Christchurch Terrorism and the Impact of that Video


The terrorist killings of 9/11 were shown in real time on every national news outlet. They horrified all right-thinking people. They burned into the consciousness in a way that nothing else has since and changed attitudes.
So why are we appalled by the idea that people might watch a terrorist gunman killing people in Christchurch? Why (astonishingly) has so much of the coverage of this odious action focused not on the callous act but on its live-streaming?
I know that his actions were intended as propaganda and the killer wanted maximum exposure. But the 9/11 terrorists chose their targets with prominence in mind too and with a view to getting a simple message across.
My tentative view is that the main news outlets should have shown the film of the killings. The vast majority of us would have been horrified. Of course, some would have gloried in it. But they are glorying in it anyway – accessing it in many different ways. They are not the problem, or at least not the sole problem. You and I are the problem or at least part of it. Do we always challenge casual remarks that ‘other’ Muslims? Do we always examine our own prejudices and question them? The truth is that we will forget about Christchurch soon and drift on without much change in attitude and approach.
We all know that a picture makes a message stronger. Video and film make an even bigger impact. When I think of the Holocaust, I recall the images of Belsen not the many things I have read and not the unimaginable numbers. You cannot have watched such horrors and still stay silent when you hear remarks from the ‘Hitler had a point’ brigade that were common in my youth. Educationists know the impact of video too. Ask yourself how much angst you have felt about the numerous terrorist bombings in the Shia/Shi’ite clashes – casual mentions on the news and no pictures.

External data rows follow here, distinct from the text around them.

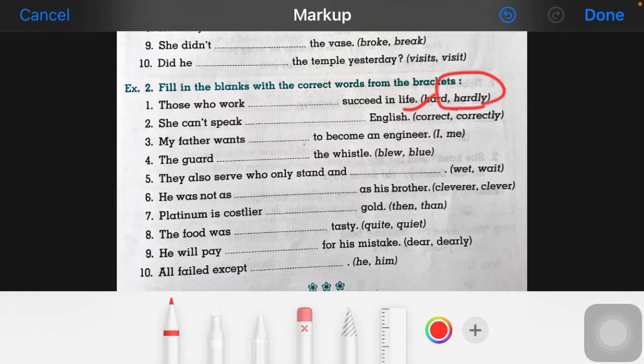'Hardly' is an adverb of frequency. When we are using an adverb of frequency, we always place it before the verb. We have to keep the verb after the adverb of frequency.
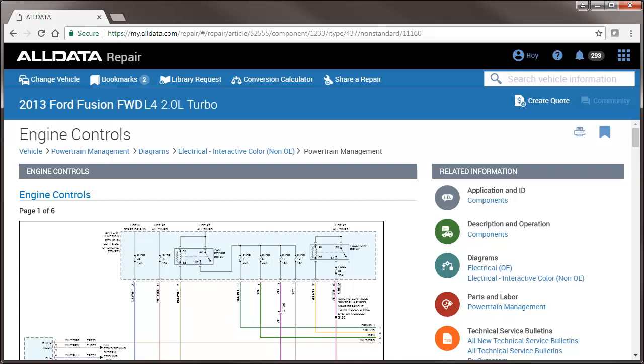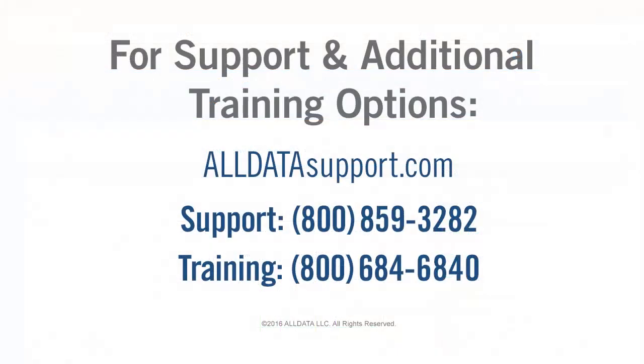All Data maintains its commitment to giving technicians trusted OEM repair information. The addition of non-OE interactive color wiring diagrams will help them complete repairs quickly and correctly the first time.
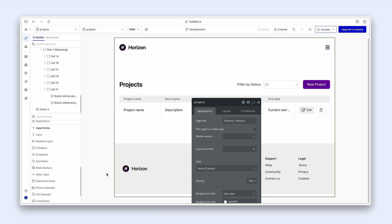we still don't want certain pages to load. For instance, someone could share with their friend this project page. That friend can then click the link and just land on this page.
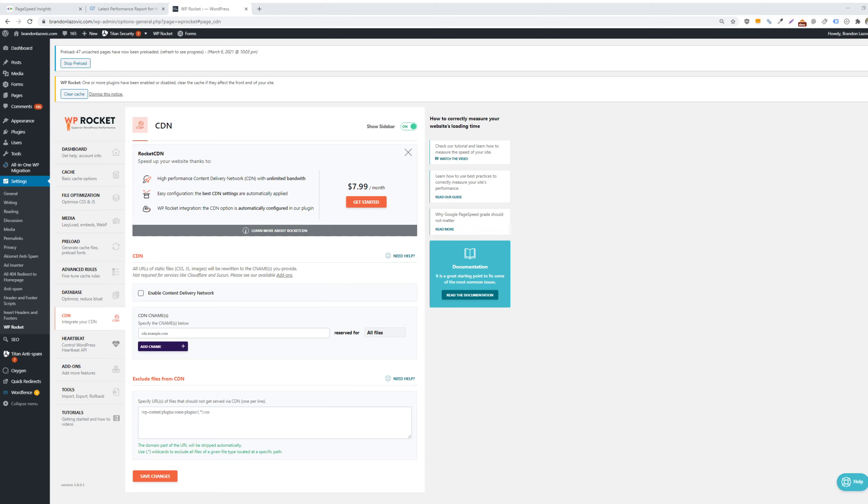What is up ladies and gentlemen, welcome back for another search engine optimization tip video. In today's tip video, I'll actually be doing a review of WP Rocket and how this plugin can help with your site speed optimization efforts for your website.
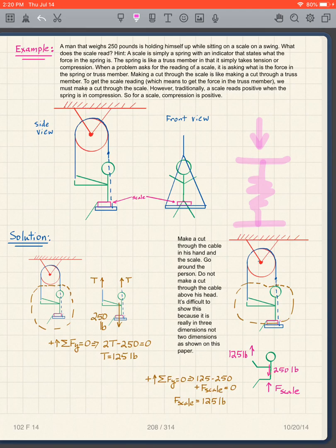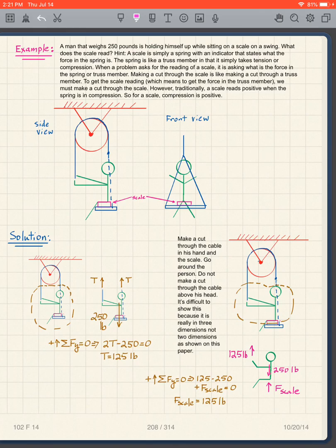A spring is simply like a truss member. This spring is like a truss member that takes only compression — it only reads compression. In a way, it's the opposite of a cable: a cable only takes tension, while a scale only takes compression. What we're going to do is make a cut through that spring — through the scale. When we make a cut through the scale, we can figure out what the force in the spring is, and that gives us the scale reading. The force in the spring is equivalent to the scale reading.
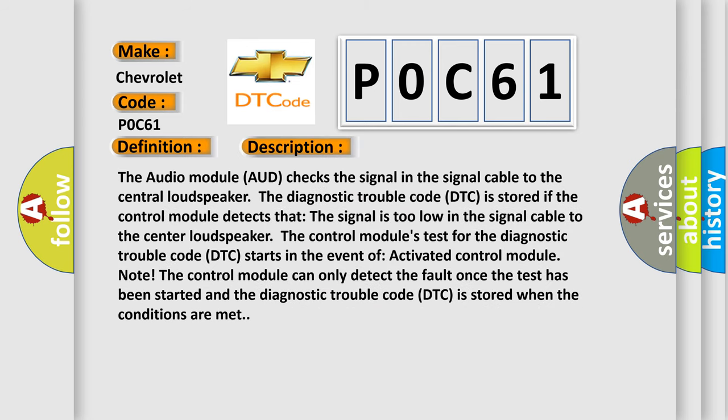The audio module (AUD) checks the signal in the signal cable to the central loudspeaker. The diagnostic trouble code (DTC) is stored if the control module detects that the signal is too low in the signal cable to the central loudspeaker.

If we are going to change the environment so that terrorists of whatever ilk cannot prosper, we need to be appalled and horrified by the actions of men such as Brenton Tarrant. We need that horror to fuel outrage that makes it impossible for all but a handful of outcasts to say things about letterboxes or which lump all Muslims together in one vast group that threatens ‘the Christian way of life’ or Western civilisation.

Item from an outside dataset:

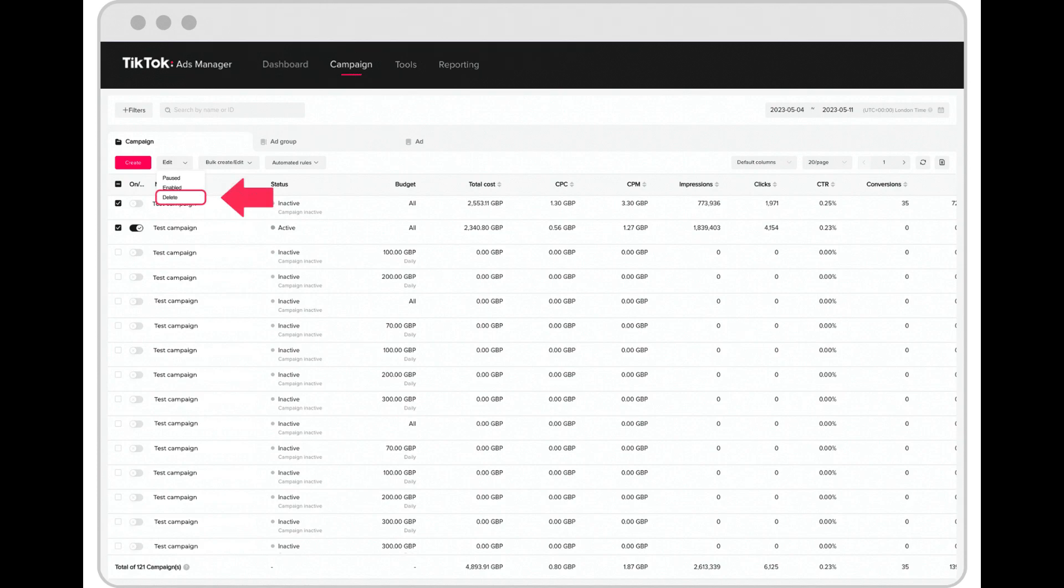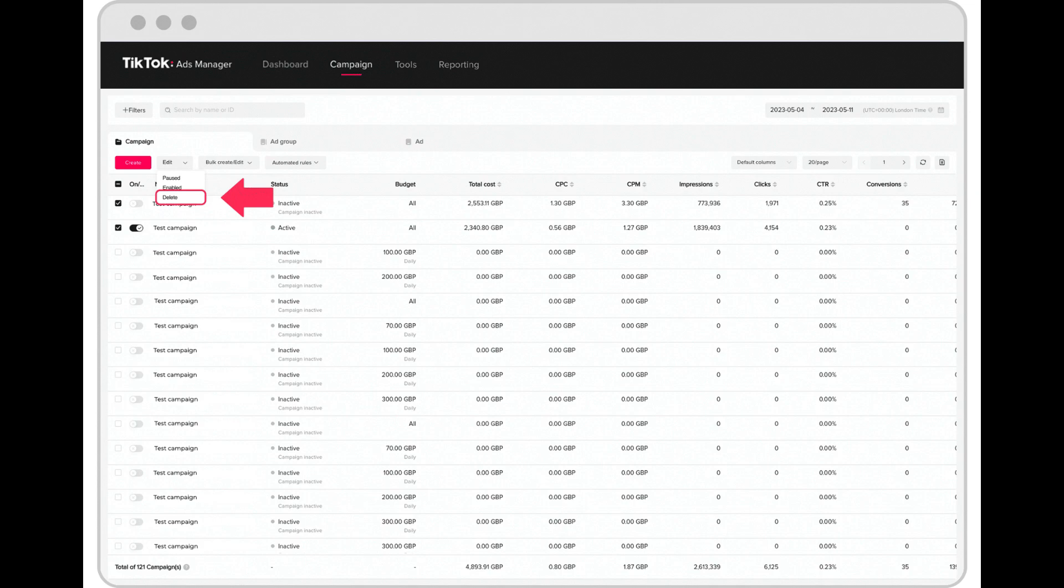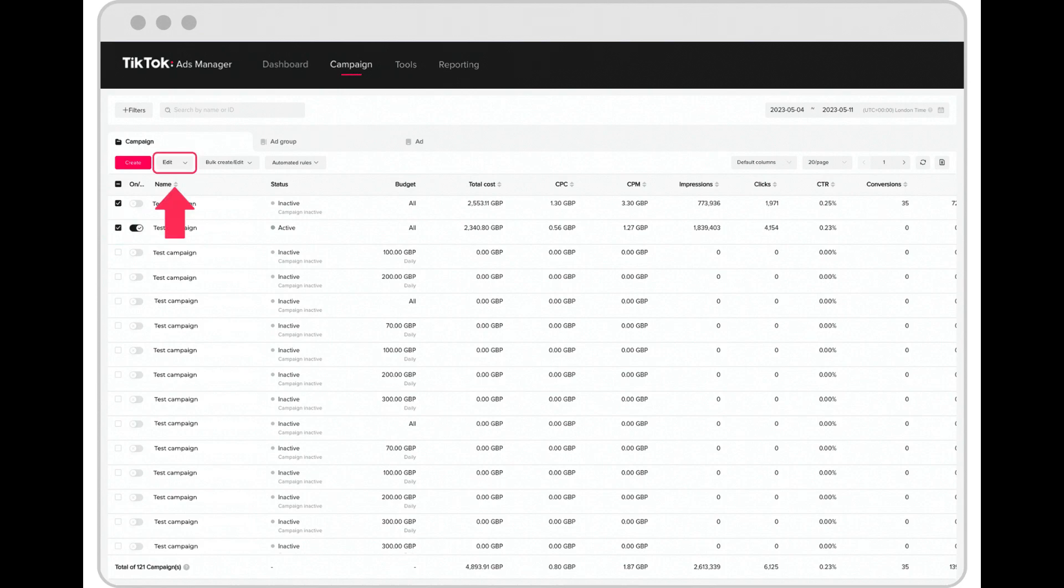Go to the campaign page in TikTok Ads Manager. Select the campaign, ad group, or ad tab, and then select the campaign you wish to delete. Select the edit button and then select delete from the drop-down menu.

I write this shortly after returning from Berlin. Among the sites I visited was the Topography of Terror, which charts the rise of National Socialism in Germany. The part that had the greatest impact on me showed photographs of opponents of the regime in the early 1930s being publicly humiliated. Crowds watched in evident pleasure; some passed by with their heads down. Wary as I am of Godwin’s Law, I cannot help but draw parallels.

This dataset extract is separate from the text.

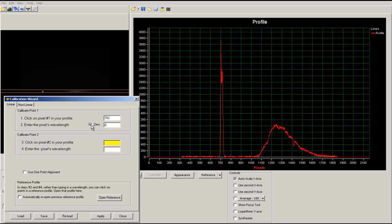For our second calibration point we will want to use an absorption or emission line whose wavelength we know. In this spectrum we can find the hydrogen alpha line. Select the absorption line and input the associated wavelength.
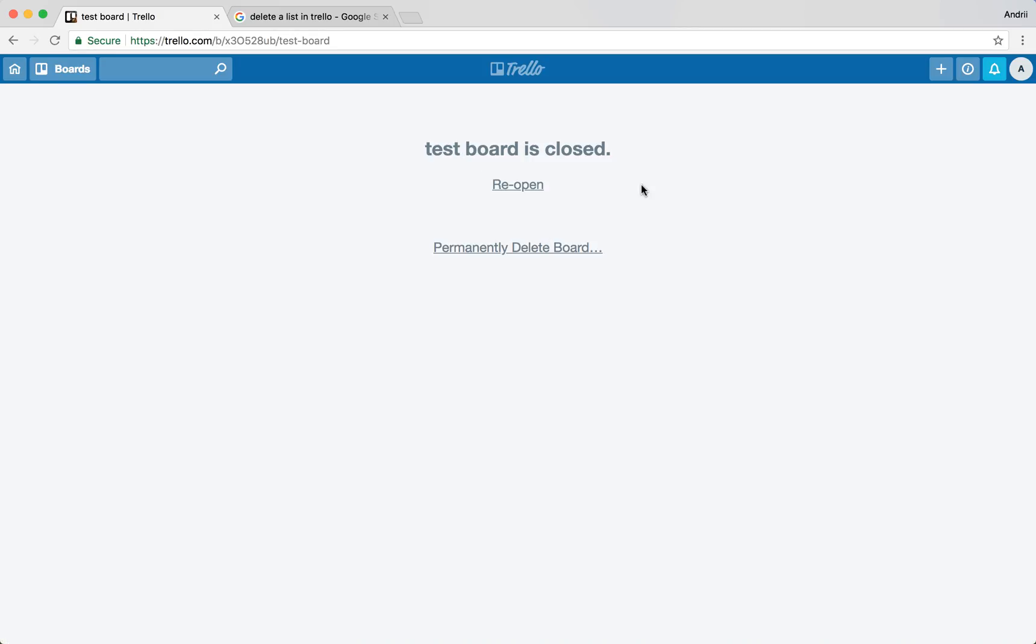Closing a board is also not permanent, you can still undo it. That's about it, that's how you delete list, card and board on Trello. Thanks for watching.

I don’t know anyone that would shoot people in a mosque and I hope that none of my friends would take any pleasure in such acts. But I do know people that would pass by an anti-Islam rally with their heads down. I even fear that I am one. Being horrified by the extreme may be what many of us need to be better and stronger and to confront these casual Islamaphobes before their prejudice becomes reinforced and unimaginable horrors become imaginable.